The levels of automation

The levels of automation

2026-04-25

by Uri Walevski

Self-driving has levels. SAE defined them from 0 to 5 and now everyone roughly knows what they mean. Level 1: cruise control, you're driving. Level 2: the car steers, you supervise. Level 4: the car drives, you take a nap.

AI automation has the same ladder. We just haven't named the rungs.

I think about it in four levels, plus the baseline where there's no AI at all.

Level 0: no AI. Scripts, cron jobs, CI pipelines. The procedure is known, the steps are deterministic. You write it once, it runs the same way every time. This is most software and it works fine. If you know what needs to happen, just code it.

Level 1: AI in the loop. Copilot in your IDE. A model suggesting completions, spotting bugs, proposing refactors. You're driving. The AI is in the passenger seat pointing things out. The keyboard is in your hands. You decide what to accept.

This level covers most LLM pipelines. Text in, text out. The model classifies, extracts, summarizes. Your code moves the result to the next step. The LLM is just a function with better judgment than a regex. No autonomy, no multi-step reasoning. You control the flow.

The common mistake is calling this an agent. It's not. It's a very smart function.

Level 2: AI on the computer. Claude Code, OpenClaw, coding agents that have a terminal and a filesystem. The AI drives now. It opens files, writes code, runs tests, fixes failures. But you're in the driver's seat with your hand hovering over the wheel. You read what it's doing, you intervene when it takes a wrong turn. The AI has the keys but you haven't left the car.

Level 2 agents can do real work. They debug issues, deploy services, refactor codebases. But they run on your machine, using your terminal, your credentials. If something breaks you're there to ctrl-c. The human is still the safety net.

The problem with Level 2 is it doesn't scale to a product. You can't have a hundred users each watching their own agent. Human supervision is the bottleneck.

Level 3: AI with its own computer. The agent has its own VM. Its own filesystem, its own terminal, its own network. It doesn't run on your machine. It runs on a server and you talk to it through chat, the same way you'd message a human engineer on Slack.

You give it a goal and walk away. It figures out the rest.

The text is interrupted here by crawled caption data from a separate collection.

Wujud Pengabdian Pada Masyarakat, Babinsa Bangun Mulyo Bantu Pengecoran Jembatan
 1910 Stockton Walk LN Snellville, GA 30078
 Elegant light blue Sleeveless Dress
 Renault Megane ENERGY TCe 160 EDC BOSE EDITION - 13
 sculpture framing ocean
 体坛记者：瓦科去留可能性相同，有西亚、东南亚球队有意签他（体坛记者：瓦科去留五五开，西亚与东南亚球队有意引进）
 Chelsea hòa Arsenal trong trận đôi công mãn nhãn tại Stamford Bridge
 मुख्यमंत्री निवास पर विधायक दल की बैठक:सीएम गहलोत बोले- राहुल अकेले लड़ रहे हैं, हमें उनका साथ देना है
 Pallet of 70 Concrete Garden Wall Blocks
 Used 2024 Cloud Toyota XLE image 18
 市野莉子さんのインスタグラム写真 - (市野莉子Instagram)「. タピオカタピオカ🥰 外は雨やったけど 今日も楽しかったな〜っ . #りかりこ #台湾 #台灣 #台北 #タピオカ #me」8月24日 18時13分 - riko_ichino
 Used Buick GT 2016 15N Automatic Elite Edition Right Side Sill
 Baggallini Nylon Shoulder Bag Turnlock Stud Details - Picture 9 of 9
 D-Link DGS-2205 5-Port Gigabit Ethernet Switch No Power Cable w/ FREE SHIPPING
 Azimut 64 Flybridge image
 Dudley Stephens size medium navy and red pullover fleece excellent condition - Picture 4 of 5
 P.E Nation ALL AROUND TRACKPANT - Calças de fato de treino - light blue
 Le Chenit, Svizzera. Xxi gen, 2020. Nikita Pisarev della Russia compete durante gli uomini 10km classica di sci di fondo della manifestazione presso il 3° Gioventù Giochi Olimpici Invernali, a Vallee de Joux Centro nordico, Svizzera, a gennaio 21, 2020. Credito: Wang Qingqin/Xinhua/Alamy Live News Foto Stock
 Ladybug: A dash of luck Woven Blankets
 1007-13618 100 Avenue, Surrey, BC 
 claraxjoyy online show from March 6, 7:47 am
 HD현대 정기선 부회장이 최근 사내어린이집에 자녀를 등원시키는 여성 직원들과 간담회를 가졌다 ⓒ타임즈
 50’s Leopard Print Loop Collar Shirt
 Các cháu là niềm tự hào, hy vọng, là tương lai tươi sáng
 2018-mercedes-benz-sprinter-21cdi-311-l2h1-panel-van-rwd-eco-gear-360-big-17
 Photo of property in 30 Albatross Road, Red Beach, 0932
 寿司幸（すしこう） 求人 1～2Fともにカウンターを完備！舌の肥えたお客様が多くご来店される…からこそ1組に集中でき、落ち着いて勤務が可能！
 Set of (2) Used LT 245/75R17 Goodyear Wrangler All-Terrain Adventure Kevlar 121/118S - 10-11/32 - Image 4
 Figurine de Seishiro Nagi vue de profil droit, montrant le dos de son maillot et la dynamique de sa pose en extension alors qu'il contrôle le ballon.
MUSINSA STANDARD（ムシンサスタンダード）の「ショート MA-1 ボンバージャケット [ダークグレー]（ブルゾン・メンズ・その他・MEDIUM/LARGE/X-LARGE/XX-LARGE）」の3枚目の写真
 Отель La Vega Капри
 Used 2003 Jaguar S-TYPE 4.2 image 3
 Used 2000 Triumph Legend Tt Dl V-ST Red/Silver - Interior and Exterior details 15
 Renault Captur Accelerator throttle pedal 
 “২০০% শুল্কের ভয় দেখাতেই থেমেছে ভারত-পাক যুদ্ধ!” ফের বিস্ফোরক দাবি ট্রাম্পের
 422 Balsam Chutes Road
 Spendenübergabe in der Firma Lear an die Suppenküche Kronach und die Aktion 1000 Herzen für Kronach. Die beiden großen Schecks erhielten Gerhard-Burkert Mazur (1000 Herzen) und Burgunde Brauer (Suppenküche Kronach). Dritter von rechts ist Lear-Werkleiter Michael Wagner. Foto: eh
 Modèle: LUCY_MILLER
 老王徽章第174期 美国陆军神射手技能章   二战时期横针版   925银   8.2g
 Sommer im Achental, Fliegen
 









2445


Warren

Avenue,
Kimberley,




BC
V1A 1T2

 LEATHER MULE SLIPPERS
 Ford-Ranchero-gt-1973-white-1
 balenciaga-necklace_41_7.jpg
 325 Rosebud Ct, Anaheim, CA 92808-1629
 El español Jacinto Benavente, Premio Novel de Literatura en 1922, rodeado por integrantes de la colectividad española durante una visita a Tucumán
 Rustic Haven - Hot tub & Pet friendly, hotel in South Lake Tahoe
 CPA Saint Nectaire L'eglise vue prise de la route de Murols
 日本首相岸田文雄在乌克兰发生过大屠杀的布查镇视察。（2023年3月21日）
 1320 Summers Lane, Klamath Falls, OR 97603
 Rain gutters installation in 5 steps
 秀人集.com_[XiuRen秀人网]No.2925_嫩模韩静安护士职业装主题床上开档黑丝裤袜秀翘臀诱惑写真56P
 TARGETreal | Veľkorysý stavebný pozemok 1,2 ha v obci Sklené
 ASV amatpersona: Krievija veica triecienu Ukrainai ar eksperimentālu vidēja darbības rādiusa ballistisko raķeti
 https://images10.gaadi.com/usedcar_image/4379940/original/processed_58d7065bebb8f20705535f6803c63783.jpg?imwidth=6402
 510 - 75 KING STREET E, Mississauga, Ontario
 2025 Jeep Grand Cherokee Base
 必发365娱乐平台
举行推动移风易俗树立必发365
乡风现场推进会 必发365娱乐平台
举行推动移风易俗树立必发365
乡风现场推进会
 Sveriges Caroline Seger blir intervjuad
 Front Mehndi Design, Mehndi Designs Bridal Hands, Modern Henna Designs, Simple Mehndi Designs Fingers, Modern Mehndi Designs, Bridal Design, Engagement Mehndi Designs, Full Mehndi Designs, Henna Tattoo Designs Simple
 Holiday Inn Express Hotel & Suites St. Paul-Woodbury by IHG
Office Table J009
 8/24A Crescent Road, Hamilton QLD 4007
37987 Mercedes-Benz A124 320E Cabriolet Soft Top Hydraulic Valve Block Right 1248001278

It writes code, provisions infrastructure, installs dependencies, pushes to GitHub. It messages you when it's done, or when it's stuck, or when it needs a decision you didn't anticipate. You're not watching it work. You're doing something else and getting updates.

This is where the relationship changes. At Level 1, the AI is a tool. At Level 2, the AI is a tool you supervise closely. At Level 3, the AI is a team member. It has its own computer, its own context, its own ongoing work. You delegate. You don't supervise. Crucially, at this level, one human works with one or more agents, but the agents rarely interact amongst themselves.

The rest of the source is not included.